Snow-Walker is a trilogy written by author Catherine Fisher. The book is presumably set in the Dark Ages of a fictional region in Scandinavia, as the story often heavily refers to Norse mythology. The story is mainly about the sorceress Gudrun, who rules the Jarl's people through fear; the power struggle between her and her son, her very reflection and one weakness; and the small, motley band of outlaws who join him in the fight to restore the land to its rightful leader.

Characters 
 Gudrun – a beautiful, but evil, sorceress from the northern kingdom of the Snow-Walkers. It is said that the Jarl before Ragnar sent an army to attack her people, but it failed when the army marched into a strange mist and never returned. One man, Ragnar from Hvinir, came back, and with him he brought Gudrun. They got married, and Gudrun subsequently ruled through fear and sorcery until the son whom she had banished would return. She can cause pain, twist minds, and steal souls out of living men. It is said that her reflection, Kari, shall destroy her.
 Jessa "Two-Knifes" Horolfsdaughter – the daughter of a Wulfing warrior that was killed in the rebellion against Ragnar. A courageous young woman with a stubborn streak and an infamously bold tongue. The story is mainly told through her point of view as it follows the outlaws' journey.
 Thorkil Harraldsson – Jessa's cousin and companion on her journey to Thrasirshall. Like Jessa, he, too, was banished because of father's involvement with the rebellion against Ragnar. A fussy young man with a taste for finery, often he tries, and fails, to serve as the voice of reason for his hot-tempered cousin.
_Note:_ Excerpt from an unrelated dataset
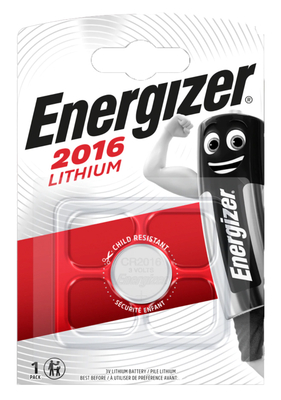Buttoncell Lithium Energizer CR2016 3V Τεμ. 1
He appears in the first book only, and is briefly mentioned in the second.
 Kari Ragnarsson – the son of Gudrun and Ragnar. As a small child, his mother kept him in a cold dungeon, resulting in inability to speak, run, or even think. At age six, he was banished to Thrasirshall with Brocheal Gunnarsson. It was there that Brocheal taught him how to live by showing him love and kindness, allowing him to grow into a soft-spoken, gentle young man. Because of this, the two are inseparable. For years, however, Gudrun let rumours run, and soon the people believed him to be a monster. In reality, Kari is simply his mother's reflection; they look exactly alike and have the very same powers, but just like a reflection, they are complete opposites. He is often accompanied by two large ravens known as Thought and Memory.
 Skapti Arnsson – Wulfgar's mischievous friend. He is first seen as a peddler that assisted in the escape of Wulfgar Osricsson. He is revealed as a skald later, and an old friend of Brocheal Gunnarson and Kari Ragnarsson that has been providing them with food.
 Brochael Gunnarsson – a large, red-haired man that was exiled by Ragnar. As further punishment, he was assigned to be Kari's caretaker. He becomes extremely attached to the boy, almost acting as a father to him.
 Wulfgar Osricsson – the last member of the Wulfings, a family that had always been in line for the throne until Ragnar was unfairly named. With the help of Kari, Jessa, and a small group of rag-tag outlaws, he takes his rightful place as Jarl.
 Hakon – a former thrall (a Norse slave), who is freed after he helps save the Jarlsrealm in the second book. He is easily frightened and has a rather nervous disposition, but can be brave and stout-hearted when the time calls for it. Hakon is good friends with Jessa, as well as Kari despite the fact that he is slightly afraid of him. Slowly learning the skills of a warrior, his sword is called Dream-Breaker after it prevents him from dying, much like it did in a dream that he had in the third book. After a terrifying encounter with Gudrun, one of his hands becomes utterly useless. Because of this, many refer to him as Hakon Empty-Hand.